A Parent's Guide to A&P
1. Keep up whatever you are doing. Thank you for sharing your teenagers with me.
2. My goals for the students are to capitalize on their natural intelligence, skills at learning information, and curiosity to help them appreciate the relevance of anatomy and physiology, and develop thinking skills and work habits that will help them as students in the college.
3. Grading is based on total points: a point on homework is equal in value to a point on a test. However, by the end of the term there will be more points from tests than homework. The students will be able to keep track of their grades with ease.
4. I would like to make career exploration another goal for the class. If any of you have contacts in the allied health professions and think you could deliver a guest speaker, please let me know.
6. This course requires both understanding of the material and memorization of the anatomy. Memorizing is difficult. Many of the words are unfamiliar. Encourage your child to practice using blank diagrams. They not only have to remember the terms but recognize the anatomical part on a diagram or specimen.

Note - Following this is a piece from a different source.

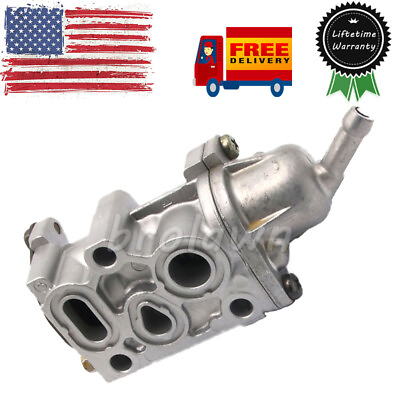#ad 16500 P06 A00 IDLE AIR CONTROL VALVE FIT FOR 1992 95 HONDA CIVIC 1.5L1.6L TESTED $64.49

7. There will be dissections in this course. The students can expect to dissect hearts, eyes, brains and pigs. Dissection is an important part of this class. They can wear their anatomy T-shirts for protection.
8. In class we emphasize understanding and thinking.
9. Unit exams will come at the end of the unit and will usually consist of multiple choice questions, short answers and identification questions. For many exams there will be a lab practical. We’ll work on these skills in class. I usually give a quiz part way through the unit as a check of understanding and a study motivator. I’ll plan tests well ahead and discuss quiz dates with the students so they are not overloaded. There will be an occasional pop quiz.
10. Typically a term ends up with about 500 points. I try to maintain a balance among assignments and try to keep student grades fair.
11. I’m available after school almost every day for extra help. I mean that for you too. As some of you know, senior year can be a bumpy ride at home.
12. On the other hand, around February I’ll be dealing with the other form of Senioritis! This will manifest itself as a general state of giddiness alternating with lethargy, a desire to discuss cartoons of the early 1990s, an obsession with wearing new sweatshirts, and a resistance to doing work. By the way, they still have to do work! (See above).
13. Ask them about 2D-3D tic-tac-toe.